What you should do
Span requested from the data below: the line with "2026 BMW X3 30 - Photo 15" through the line with "Hoşhaber Beldesine Giriş Kemeri Yapıldı", both included. Give only these lines again, exactly, and leave every picture out.

Given information

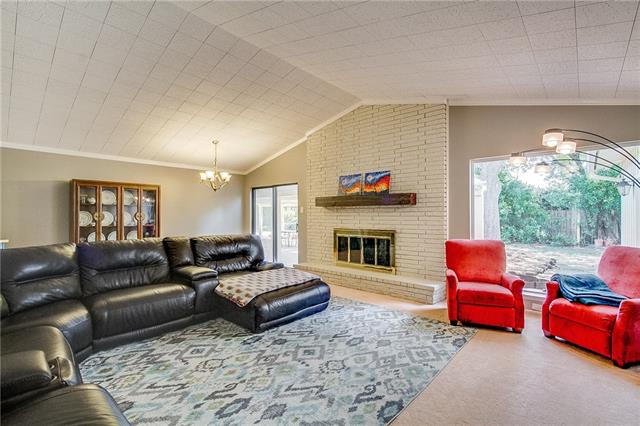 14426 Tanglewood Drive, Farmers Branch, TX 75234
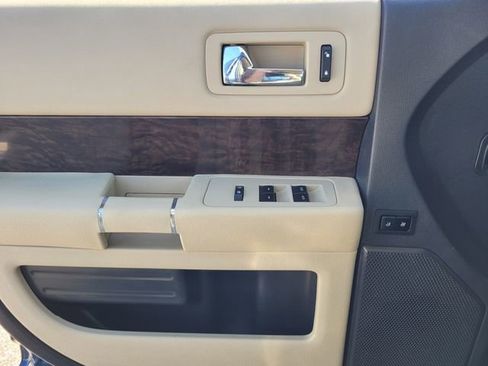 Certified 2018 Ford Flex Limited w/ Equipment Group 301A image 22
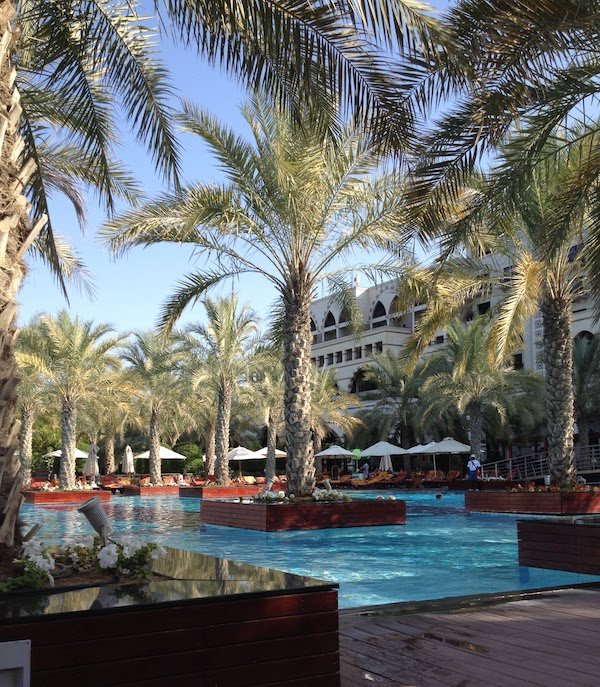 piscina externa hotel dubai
---
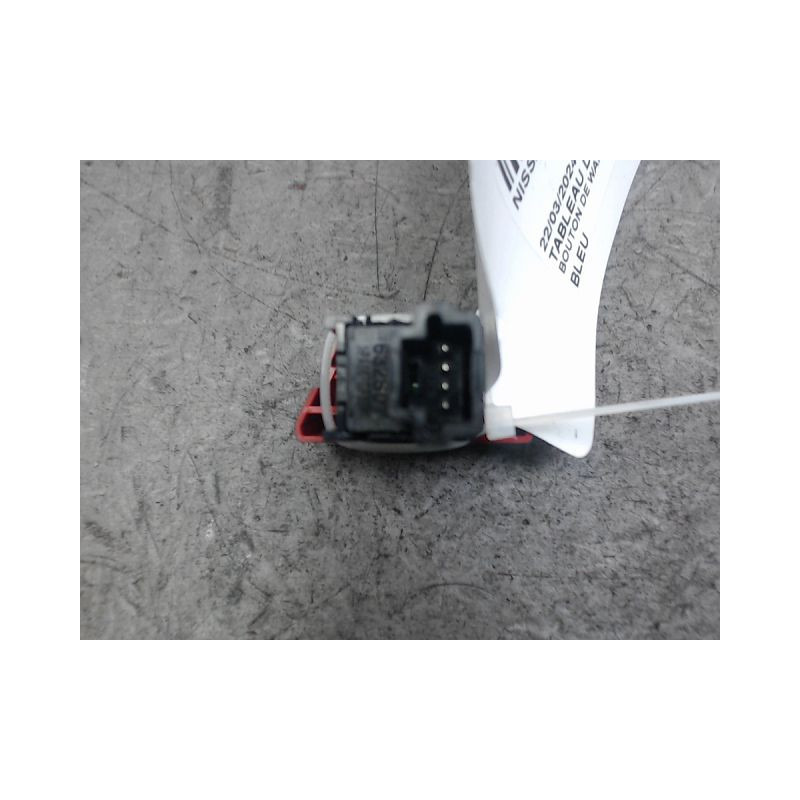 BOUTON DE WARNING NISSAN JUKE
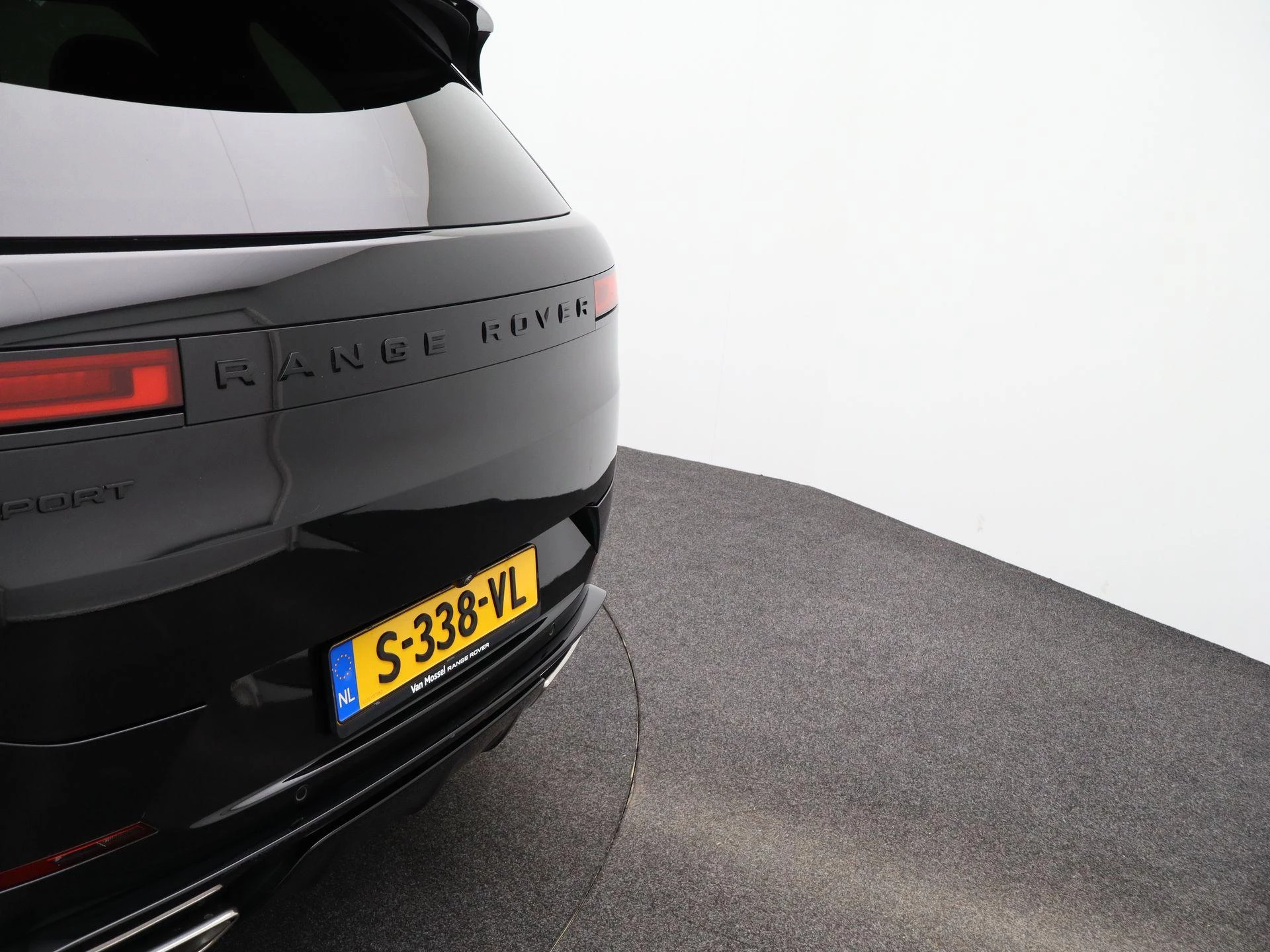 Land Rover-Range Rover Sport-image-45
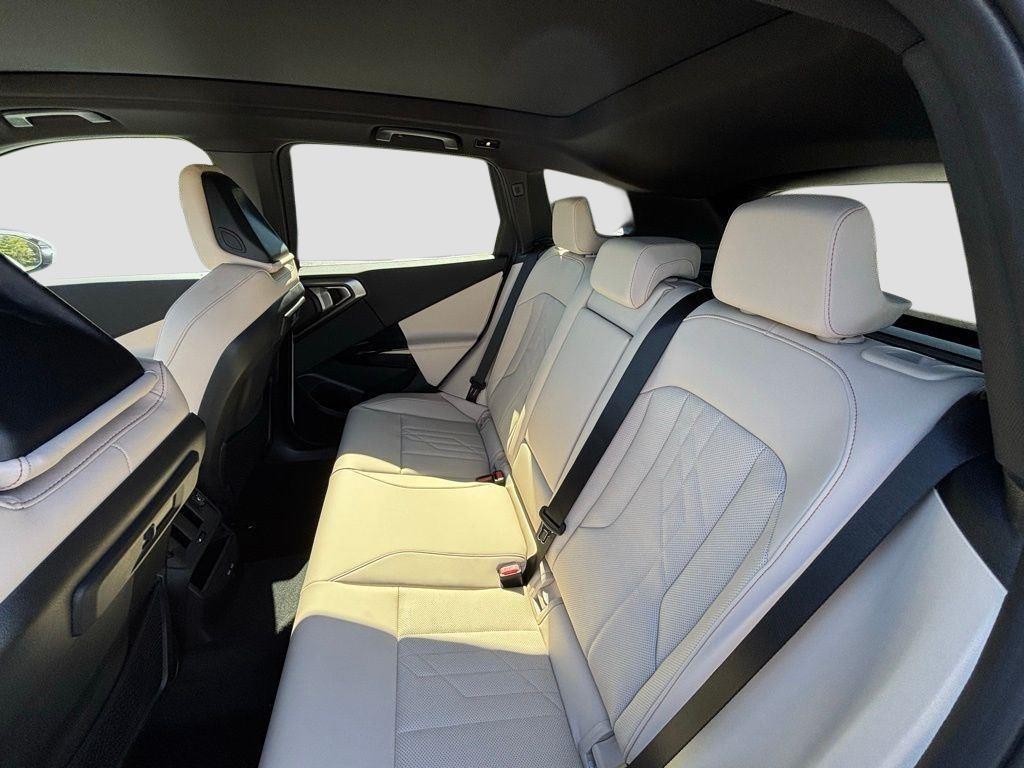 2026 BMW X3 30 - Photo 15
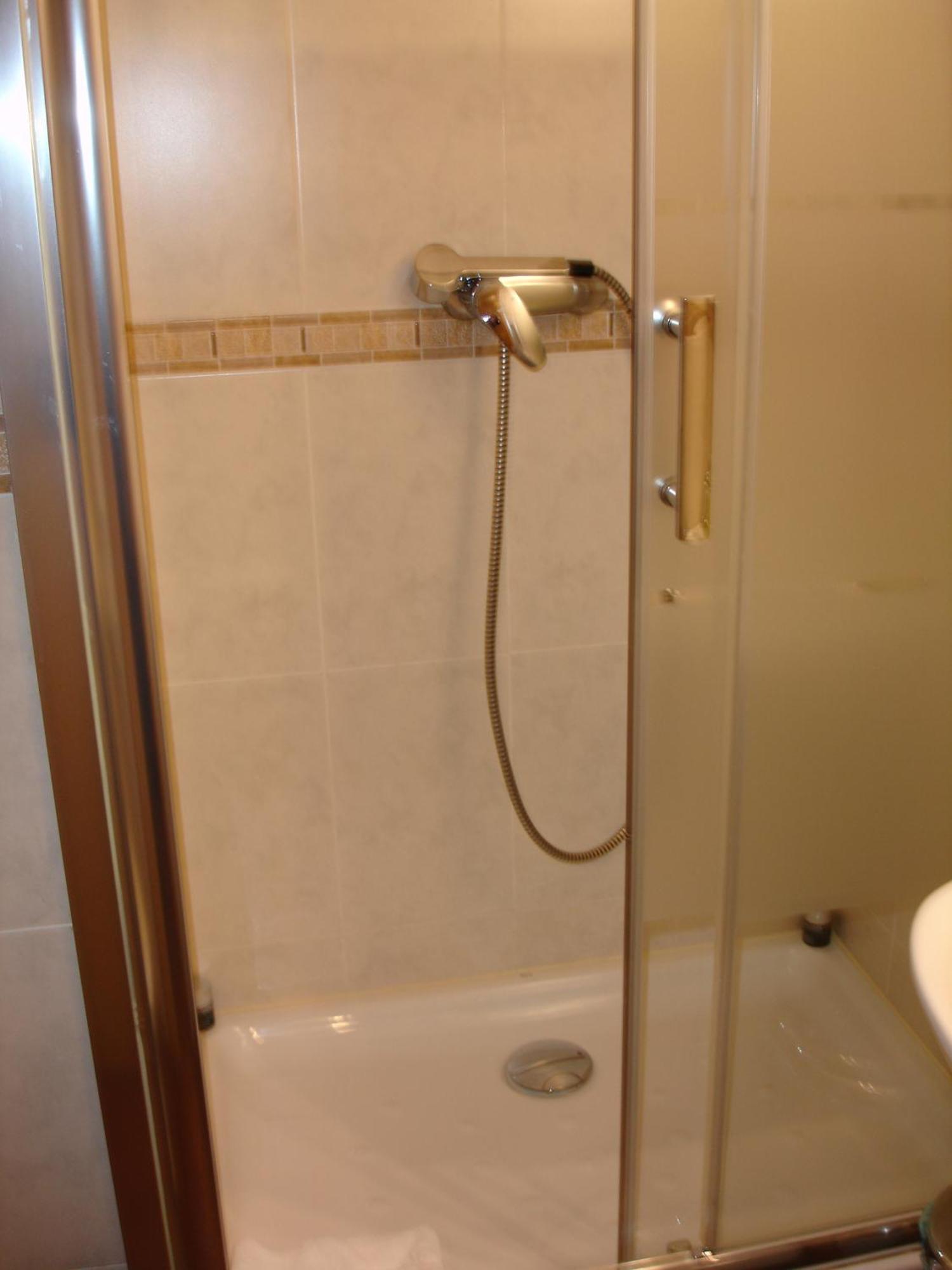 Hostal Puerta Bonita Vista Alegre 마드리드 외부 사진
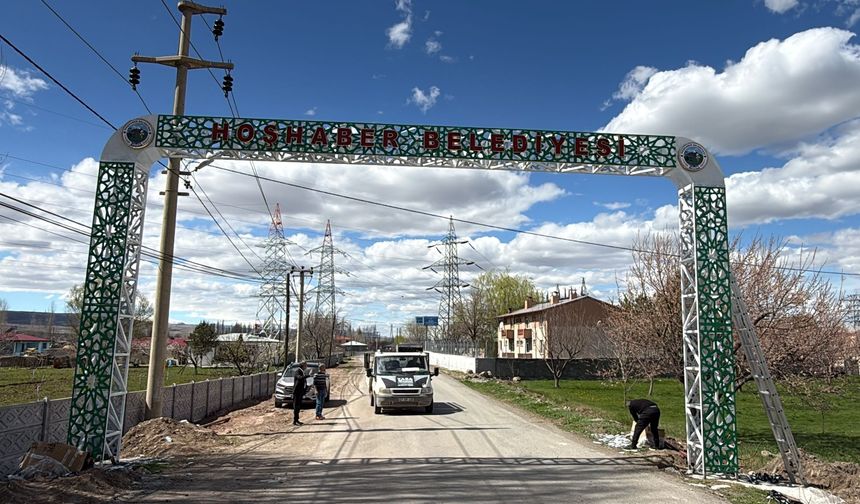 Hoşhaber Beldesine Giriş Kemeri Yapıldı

Output for this task
 2026 BMW X3 30 - Photo 15
 Hostal Puerta Bonita Vista Alegre 마드리드 외부 사진
 Hoşhaber Beldesine Giriş Kemeri Yapıldı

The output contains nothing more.